# Minimum landing height from finish floor level at egress door



## Rio (Jun 7, 2012)

From the 2010 CRC there is the below listed:

R311.3.1 Floor elevations at the required egress doors.

Landings or floors at the required egress door shall not be

more than 1-l/2 inches (38 mm) lower than the top of the

threshold.

Exception: The exterior landing or floor shall not be

more than 7-3/4 inches (196 mm) below the top of the

threshold provided the door does not swing over the

landing or floor.

I couldn't find a minimum height for the landing relative to the interior finish floor level and thought I'd see if anyone knows of one.

Thanks,

Rio


----------



## mark handler (Jun 7, 2012)

Rio said:
			
		

> From the 2010 CRC there is the below listed:R311.3.1 Floor elevations at the required egress doors. Landings or floors at the required egress door shall not be more than 1-l/2 inches (38 mm) lower than the top of the threshold.
> 
> Exception: The exterior landing or floor shall not be more than 7-3/4 inches (196 mm) below the top of the threshold provided the door does not swing over the landing or floor.
> 
> ...


It is relative to the threshold not the floor.


----------



## mtlogcabin (Jun 7, 2012)

Not sure about CA but in the IRC it would be 7  3/4"

2009 IRC

STAIR. A change in elevation, consisting of one or more risers.

R311.4 Vertical egress.

Egress from habitable levels including habitable attics and basements not provided with an egress door in accordance with Section R311.2 shall be by a ramp in accordance with Section R311.8 or a stairway in accordance with Section R311.7.

R311.7.4.1 Riser height.

The maximum riser height shall be 73/4 inches (196 mm). The riser shall be measured vertically between leading edges of the adjacent treads. The greatest riser height within any flight of stairs shall not exceed the smallest by more than 3/8 inch (9.5 mm).

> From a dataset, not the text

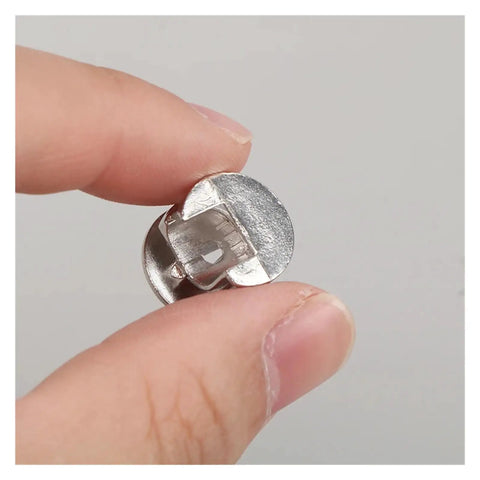 Close-up of Heavy Duty Three In One Connector Eccentric Wheel Hardware, Nickel Plated Zinc Alloy, held between fingers.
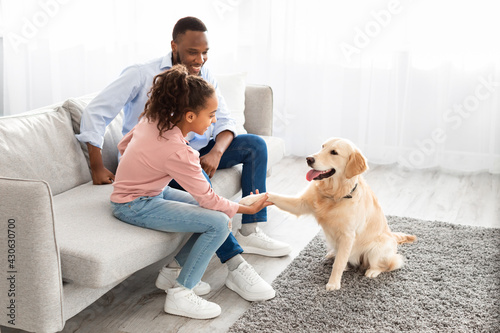 Smiling black girl playing with dog in the living room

R311.7.5 Landings for stairways.

There shall be a floor or landing at the top and bottom of each stairway.

Exception: A floor or landing is not required at the top of an interior flight of stairs, including stairs in an enclosed garage, provided a door does not swing over the stairs. A flight of stairs shall not have a vertical rise larger than 12 feet (3658 mm) between floor levels or landings. The width of each landing shall not be less than the width of the stairway served. Every landing shall have a minimum dimension of 36 inches (914 mm) measured in the direction of travel.


----------



## KZQuixote (Jun 7, 2012)

Rio said:
			
		

> From the 2010 CRC there is the below listed:R311.3.1 Floor elevations at the required egress doors.
> 
> Landings or floors at the required egress door shall not be
> 
> ...


Hi Rio,

There is no minimum requirement.

Bill


----------



## mtlogcabin (Jun 7, 2012)

Oops

No minimum

Maximum would be 7 3/4"

There are exceptions to the landing requirements on interior doors


----------



## mark handler (Jun 7, 2012)

mtlogcabin said:
			
		

> Not sure about CA but in the IRC it would be 7  3/4"2009 IRC


He is asking for a *Minimum* landing height from finish floor level at egress door


----------



## mtlogcabin (Jun 7, 2012)

Thanks, I get it now

I think I need a Pepsi


----------



## Big Mac (Jun 7, 2012)

Minimum landing height would be '0".  Pretty hard to go less than "0".


----------



## brudgers (Jun 7, 2012)

Big Mac said:
			
		

> Minimum landing height would be '0".  Pretty hard to go less than "0".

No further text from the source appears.